Obtaining real gains in science achievement and child health requires the expertise of many partners. Seattle Children’s is proud to join classroom teachers and fellow community partners united in the belief that high-quality education can help advance child health and inspire children to choose future careers in the health sciences.
The Science Adventure Lab team forges vital partnerships with teachers to enhance and augment science and health instruction at schools throughout Washington. By supplementing their classroom curriculum with a Science Adventure Lab visit, teachers help expose their students to fun investigations that use real research equipment often unavailable in school science labs.
Plus, students are given access to the expertise of a team of instructors with real-world experience as research scientists. The Science Adventure Lab team is led by PhD-level instructors who have extensive scientific knowledge in areas such as microbiology and neuroscience, as well as a passion for teaching. The team also includes Masters-trained educational specialists who help develop the Science Adventure Lab curriculum, assessment activities and program evaluation tools.
Amanda Jones, PhD
Director
Dr. Jones received a Bachelor’s Degree in Science and a PhD in Microbiology and Infectious Disease from the University of Calgary, Canada. She completed post-doctoral fellowship training in Pediatric Infectious Disease at the University of Washington and Seattle Children’s Hospital. She was an Assistant Professor in the Department of Pediatrics from 2002-2008 and held adjunct faculty appointments in the Departments of Pathobiology and Global Health. Dr. Jones co-developed the centralized educational curriculum for the Department of Pediatrics Fellow’s College and served as the Co-Director from 2003-2008.

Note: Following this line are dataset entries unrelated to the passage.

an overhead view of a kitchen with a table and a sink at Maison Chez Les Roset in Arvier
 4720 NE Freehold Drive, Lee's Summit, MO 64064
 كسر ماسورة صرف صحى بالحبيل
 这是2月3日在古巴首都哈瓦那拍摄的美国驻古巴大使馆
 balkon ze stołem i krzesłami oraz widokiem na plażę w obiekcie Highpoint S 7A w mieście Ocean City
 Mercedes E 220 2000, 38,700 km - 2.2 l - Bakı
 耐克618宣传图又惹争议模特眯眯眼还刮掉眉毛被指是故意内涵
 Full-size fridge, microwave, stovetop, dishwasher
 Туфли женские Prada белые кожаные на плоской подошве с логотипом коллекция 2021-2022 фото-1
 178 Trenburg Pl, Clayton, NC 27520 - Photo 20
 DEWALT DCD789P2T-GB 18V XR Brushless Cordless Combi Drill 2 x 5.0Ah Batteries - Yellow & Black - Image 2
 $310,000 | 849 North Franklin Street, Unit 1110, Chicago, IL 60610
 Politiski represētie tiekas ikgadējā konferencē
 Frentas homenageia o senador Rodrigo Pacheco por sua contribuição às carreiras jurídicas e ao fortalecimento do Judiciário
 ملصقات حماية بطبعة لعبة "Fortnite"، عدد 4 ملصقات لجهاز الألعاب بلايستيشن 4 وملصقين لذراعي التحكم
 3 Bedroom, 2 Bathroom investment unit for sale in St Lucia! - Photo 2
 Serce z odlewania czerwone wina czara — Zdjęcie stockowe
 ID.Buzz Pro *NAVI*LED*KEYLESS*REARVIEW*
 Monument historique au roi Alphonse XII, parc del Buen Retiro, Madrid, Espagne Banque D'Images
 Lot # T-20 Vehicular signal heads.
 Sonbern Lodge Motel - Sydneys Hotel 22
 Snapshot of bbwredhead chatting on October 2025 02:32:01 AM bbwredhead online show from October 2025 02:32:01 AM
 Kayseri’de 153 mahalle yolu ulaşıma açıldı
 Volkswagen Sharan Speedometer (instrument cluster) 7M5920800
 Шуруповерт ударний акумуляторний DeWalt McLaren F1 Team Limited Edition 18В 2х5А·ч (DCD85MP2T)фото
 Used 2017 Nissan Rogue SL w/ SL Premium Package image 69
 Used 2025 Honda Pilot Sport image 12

She has taught numerous undergraduate and graduate courses at the University of Washington and mentored undergraduate students, graduate students and fellows. In 2006, she was awarded the Pathobiology Department Teaching Award by University of Washington School of Public Health. She is the author of numerous papers on the subject of infectious diseases. Dr. Jones is the Director of the Health and Science Education Outreach Program at Seattle Children’s.
Mark Ruffo, PhD, MBA
Manager
Dr. Ruffo received his Bachelor’s Degree in biology from Georgetown University in Washington, DC. He worked for the Naval Medical Research Institute in Bethesda, MD, for three years before moving to Seattle, WA, for graduate school, where he received a PhD in Neurobiology and Behavior from the University of Washington and an MBA from the Foster School of Business at the UW. He completed his post-graduate training as the Lynn Diamond Research Fellow at the Massachusetts Institute of Technology (MIT) in Boston.
Dr. Ruffo has taught a wide variety of classes at Georgetown University, South Seattle Community College, the University of Washington and MIT. He also has engaged in training, teaching and curriculum development as a consultant for The Princeton Review for over 10 years, working with both high-school and college students. Most recently, he was the marketing manager for Seattle Children’s Research Institute. Dr. Ruffo is the Manager for the Health and Science Education Outreach Program at Seattle Children’s.
Neill Warfield, MEd
Sr. Training & Curriculum Development Specialist
Neill Warfield teaches fourth and fifth grade at Spruce Street School in downtown Seattle. In his 14-year career he has also served as a teacher and curriculum coordinator for public and international schools in Louisiana, Honduras, and New York City. He holds a Bachelors of Arts in English from Yale University and a Masters in Bilingual Elementary Education from The Bank Street College of Education, in New York.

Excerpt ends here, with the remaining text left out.